By the time Anthony Bartkowski, the executive director of USA Boxing, called, I couldn't even talk. I answered the phone, and then I told him, "Hold on, you’re going to have to give me a minute." I tried to compose myself, and then I got back on the phone, feeling kind of embarrassed, and said, "OK, I'm here."
He started out with, "Well, first of all, we'd like to thank you, Queen, for working hard and for your patience ..."
I started praying, "Please don't let there be a 'but.' I don't want to hear him say 'but.'"
There was no but.
"Congratulations," he said. "We're happy to welcome you onto the 2012 Olympic team."
I just grabbed my face and started bawling. I'm an Olympian. This is the kind of news you don't get every day. When you win or lose a fight, it doesn't feel that momentous. Even when I lost in China, the whole event felt kind of ... quiet. But when I heard those words from Anthony, all the emotions just poured out of me. I couldn't help it.
The next few hours were a blur of congratulatory phone calls and texts and emails. I was answering the phone, scheduling interviews, and didn’t really have a chance to reflect, quietly, on what had happened. It still felt so new. It was hard to realize I am an Olympian.
One thing that helped it sink in a little bit was a phone call from Marlen, who was already on the team. She told me to sign my name on something and write "2012 Olympian" underneath it. "Do it, Queen," she told me. "It's cool." I did, and that's when I started to get the realization this is really happening.
Next, I head to Colorado Springs for a pre-Olympic training camp, which starts June 27. But as far as I'm concerned, my Olympic preparations began the second I hung up that phone. Boxing all starts with your head. I have to get rid of all the negative from China, the drawn-out waiting period that followed worlds and just erase all of it.

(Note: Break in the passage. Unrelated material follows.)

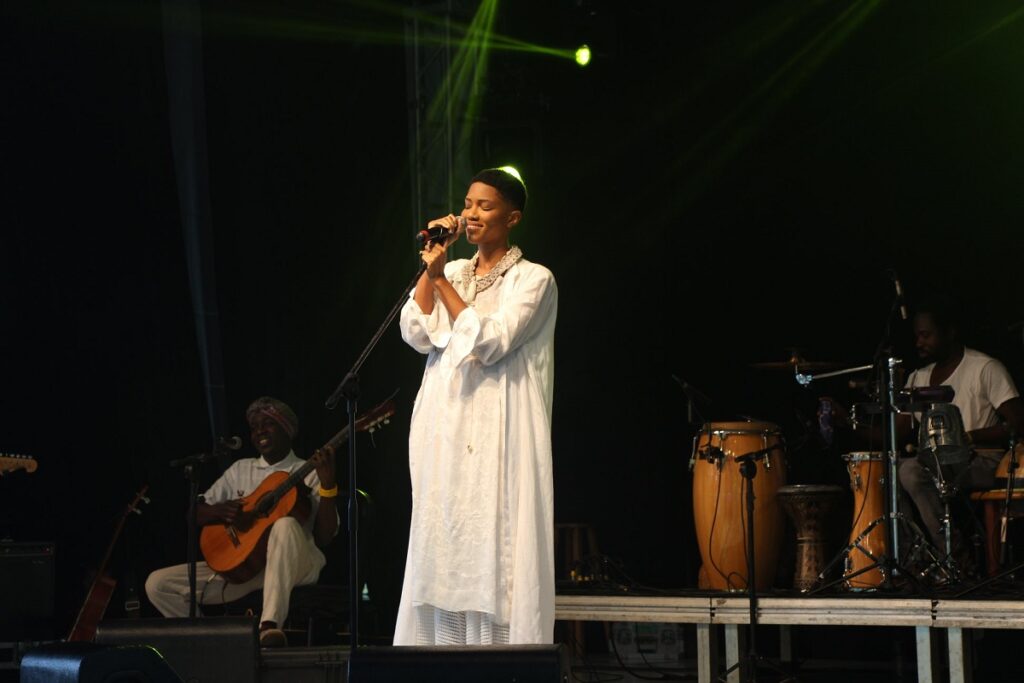 Cantora Luedji Luna embala a noite de sábado com show ao vivo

I knew I needed a second chance. I needed for people to recognize my hard work and dedication and my skill in the sport. I'm just really looking forward to preparing to win that gold medal in London and giving it my all. After that last loss in China, I was wondering if I did enough. I know that the next time I'm in the ring, it's going to feel a lot different. I'm not going to have to wonder if I did enough to get ready.
I'm focused. I just needed to hear those words -- "you're an Olympian." That's all it took. That was what I wanted to hear.